MATERIAL FOR THE TASK |
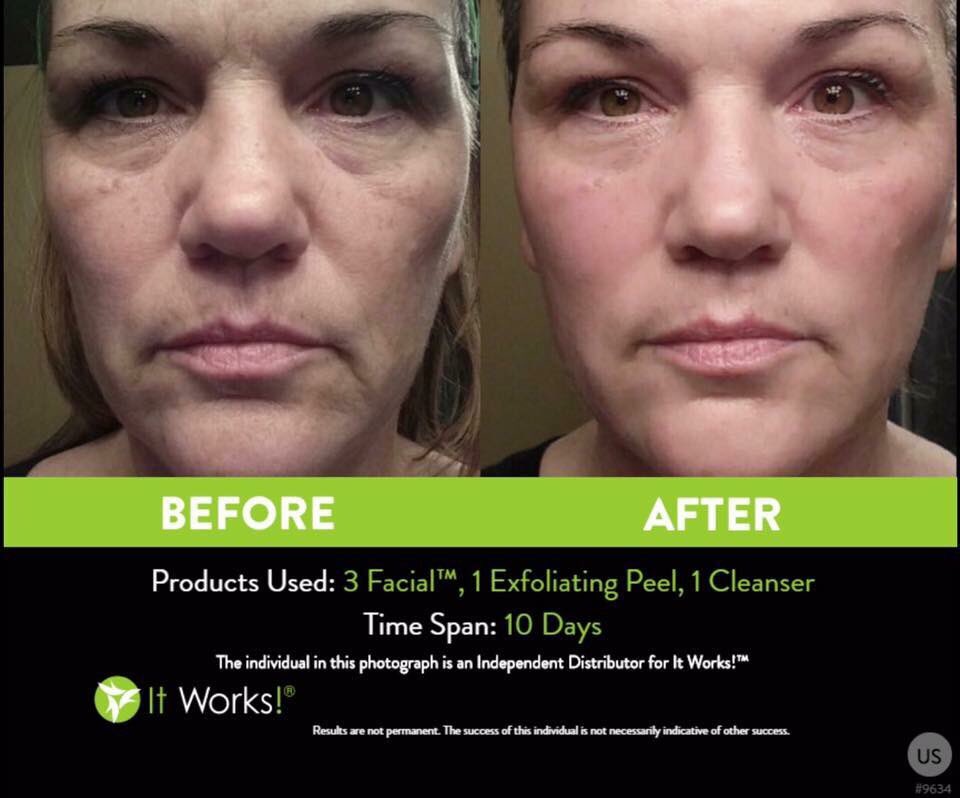 abby_itworks25's tweet photo. THIS!!!! 6️⃣product testers spots open for 90day 📅challenge! 👀Who wants it 🙋🏼My price 💸Message 📲 me PLUS free peel😲

https://t.co/x0COUhU00o https://t.co/lG0dovsqAe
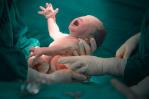 El 90 por ciento de los partos en  los centros privados son cesáreas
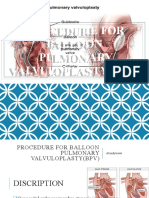Procedure For Ballon Pulmonary Valvuloplasty (BPV)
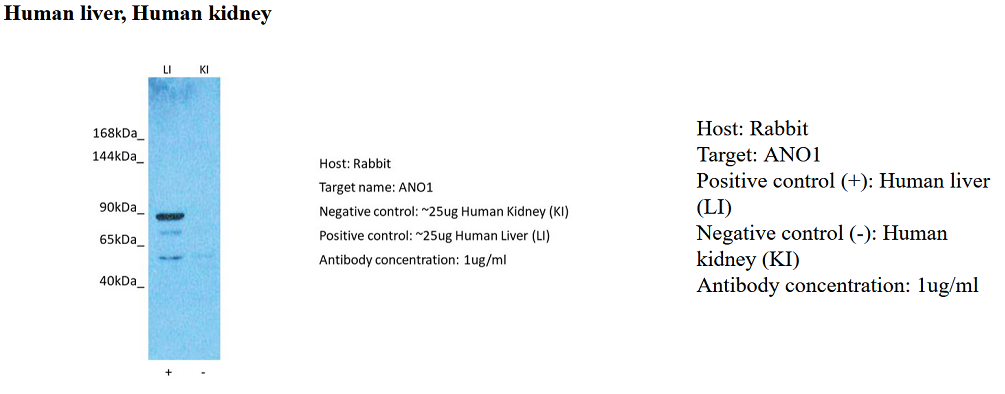 product-image-AAA23502_WB2.png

THE PROBLEM | Your output should be the full set of entries above, restated word for word and free of pictures.

SOLVED EXERCISE |
 abby_itworks25's tweet photo. THIS!!!! 6️⃣product testers spots open for 90day 📅challenge! 👀Who wants it 🙋🏼My price 💸Message 📲 me PLUS free peel😲

https://t.co/x0COUhU00o https://t.co/lG0dovsqAe
 El 90 por ciento de los partos en  los centros privados son cesáreas
Procedure For Ballon Pulmonary Valvuloplasty (BPV)
 product-image-AAA23502_WB2.png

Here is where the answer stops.